Mock trial—Roman style.

The Major Declamations stand out for their unique contribution to our understanding of the final stage in Greco-Roman rhetorical training. These exercises, in which students learned how to compose and deliver speeches on behalf of either the prosecution or the defense at imaginary trials, demonstrate how standard themes, recurring situations and arguments, and technical rules were to be handled by the aspiring orator. And what is more, they lay bare the mistakes that students often made in this process.

Declamation was practiced in the ancient world from as early as the fifth century BC, but most of its vast tradition has disappeared. The surviving material is mainly in Greek, from the second century AD onward. In Latin the nineteen declamations in the present anthology are by far the most important evidence. In antiquity they were attributed to Quintilian, but they are now thought to be the work of several authors and to date from around AD 100 to the mid- or late third century.

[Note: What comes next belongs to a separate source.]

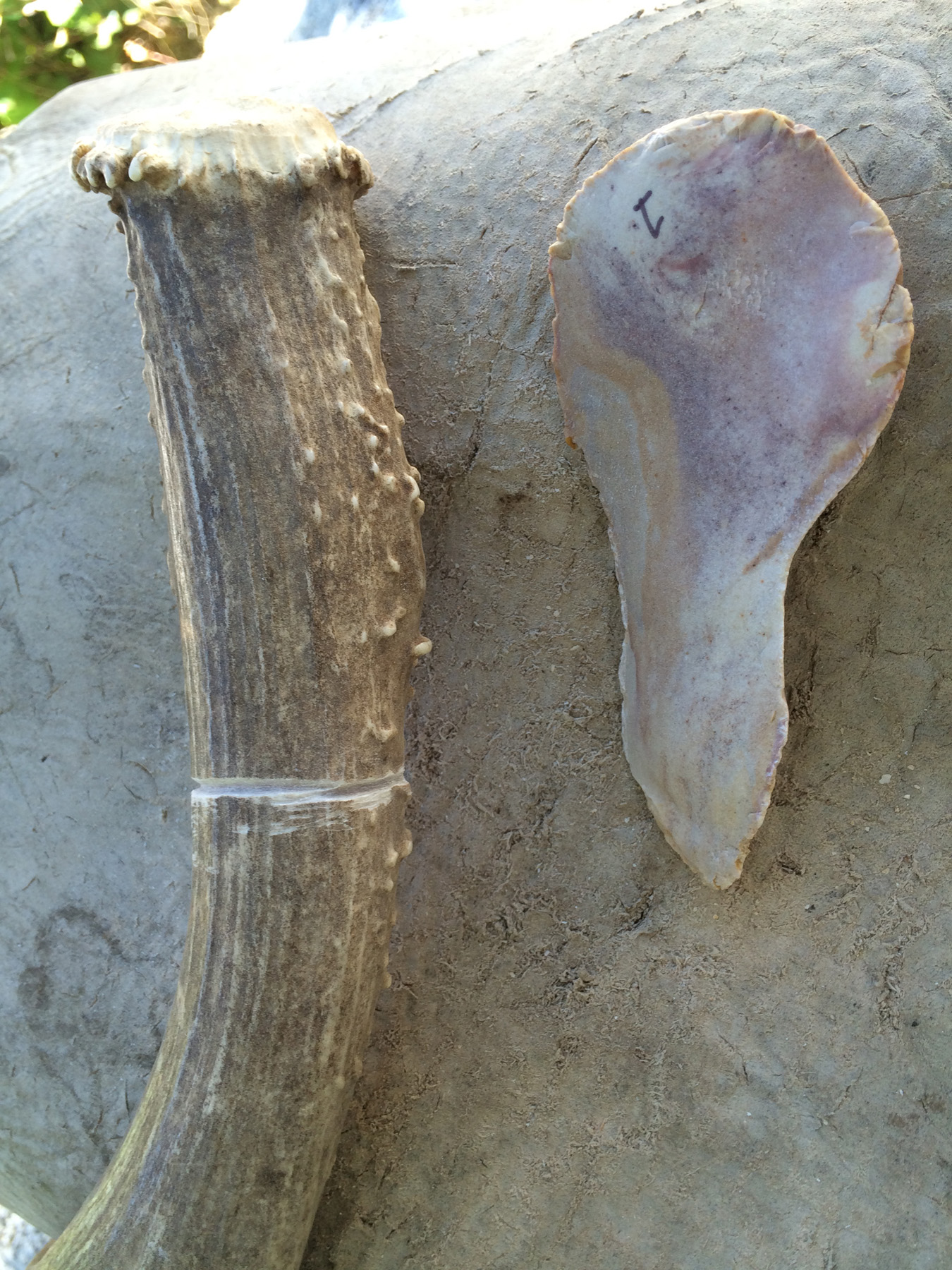 Képtalálat a következőre: Homemade Flint Knapping Tools  Flint knapping,  Native american tools, Wooden spoon carving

A wide variety of fascinating ethical, social, and legal details animates the fictional world conjured up by these oratorical exercises, and although the themes of declamation can be unrealistic and even absurd (often reminiscent of ancient novel and tragedy), they seem to provide a safe space in which a student could confront a range of complex issues, so as to attain both the technical knowledge necessary to speak persuasively and the soft skills needed to manage the challenges of adult life under the Roman empire.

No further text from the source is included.